Problem to solve: Whenever a picture appears in the data, skip it and write out all other material exactly.

Input data:
-*-*-

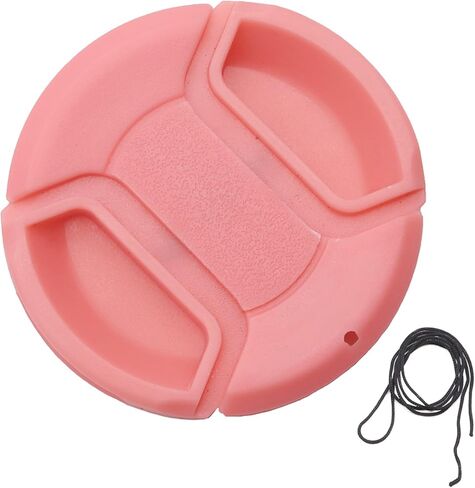 3 Pack 37/40.5/43/46/49/52/55/58/62/67/72/77/82/86mm Center Pinch Lens Cap Cover +Anti Loss Rope Red Blue Yellow White Pink Green Front Lens Cap Compatible with 49mm Cameras (Pink,49mm) in Saudi Arabia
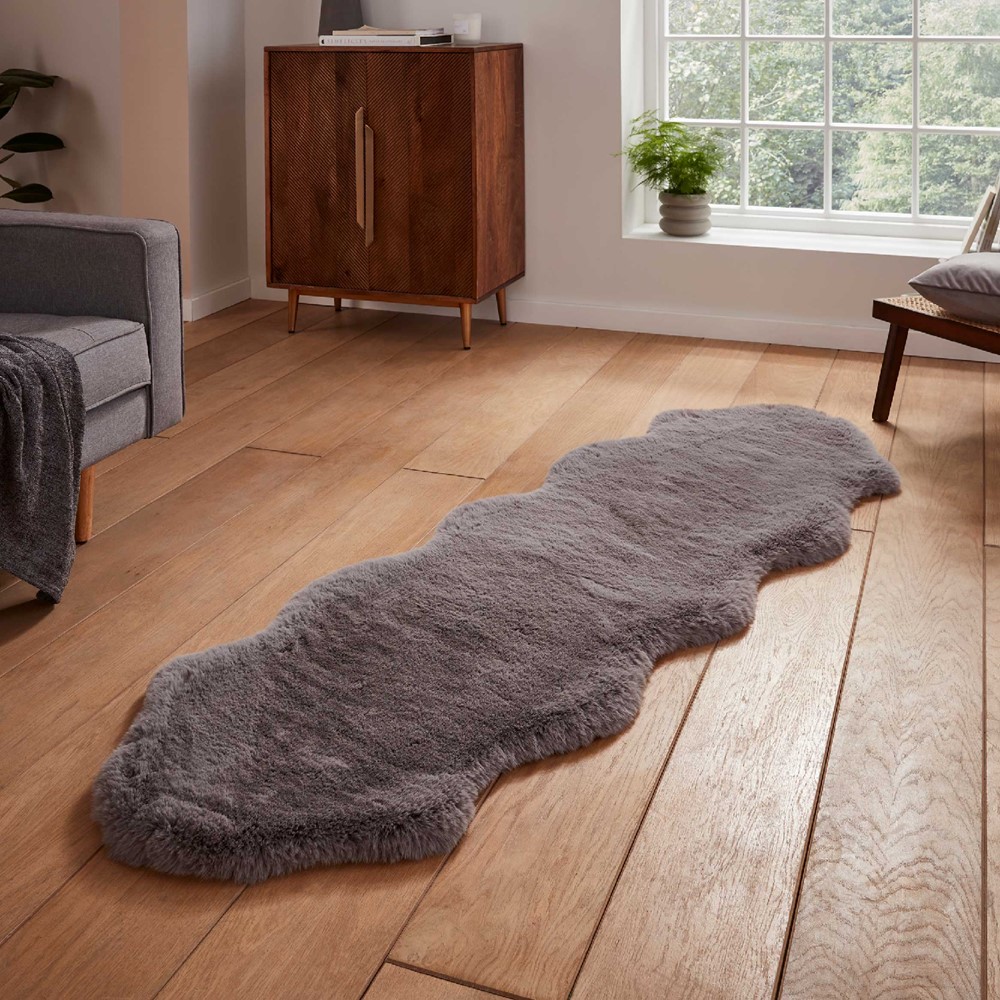 Super Teddy Plain Shaggy Faux Sheepskin Rugs in Grey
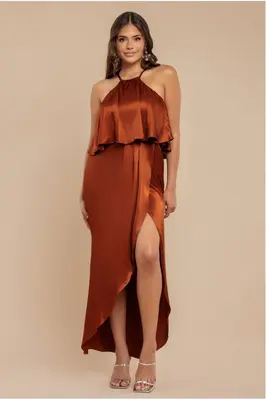 Goddiva Satin Viscose Front Wrap Midaxi Dress - Brown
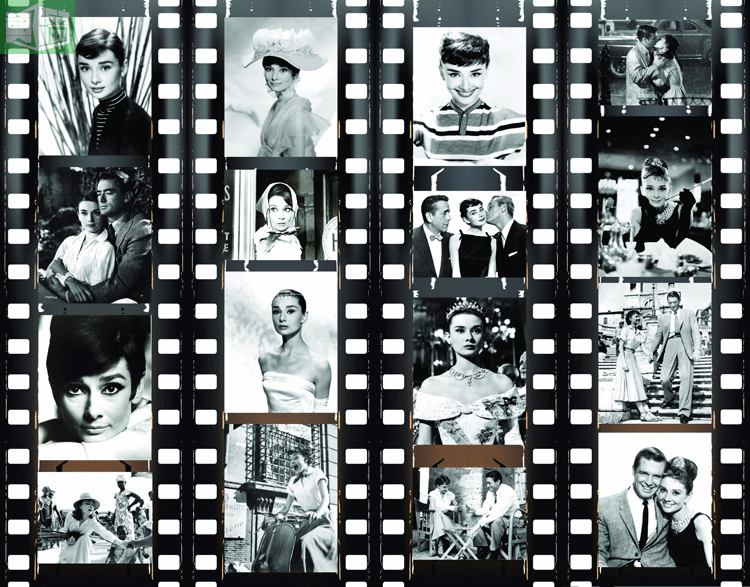 电影墙纸_赫本艺术剧照壁纸黑白电影胶卷拼图墙纸婚纱摄影背景壁画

-*-*-

Response area:
 3 Pack 37/40.5/43/46/49/52/55/58/62/67/72/77/82/86mm Center Pinch Lens Cap Cover +Anti Loss Rope Red Blue Yellow White Pink Green Front Lens Cap Compatible with 49mm Cameras (Pink,49mm) in Saudi Arabia
 Super Teddy Plain Shaggy Faux Sheepskin Rugs in Grey
 Goddiva Satin Viscose Front Wrap Midaxi Dress - Brown
 电影墙纸_赫本艺术剧照壁纸黑白电影胶卷拼图墙纸婚纱摄影背景壁画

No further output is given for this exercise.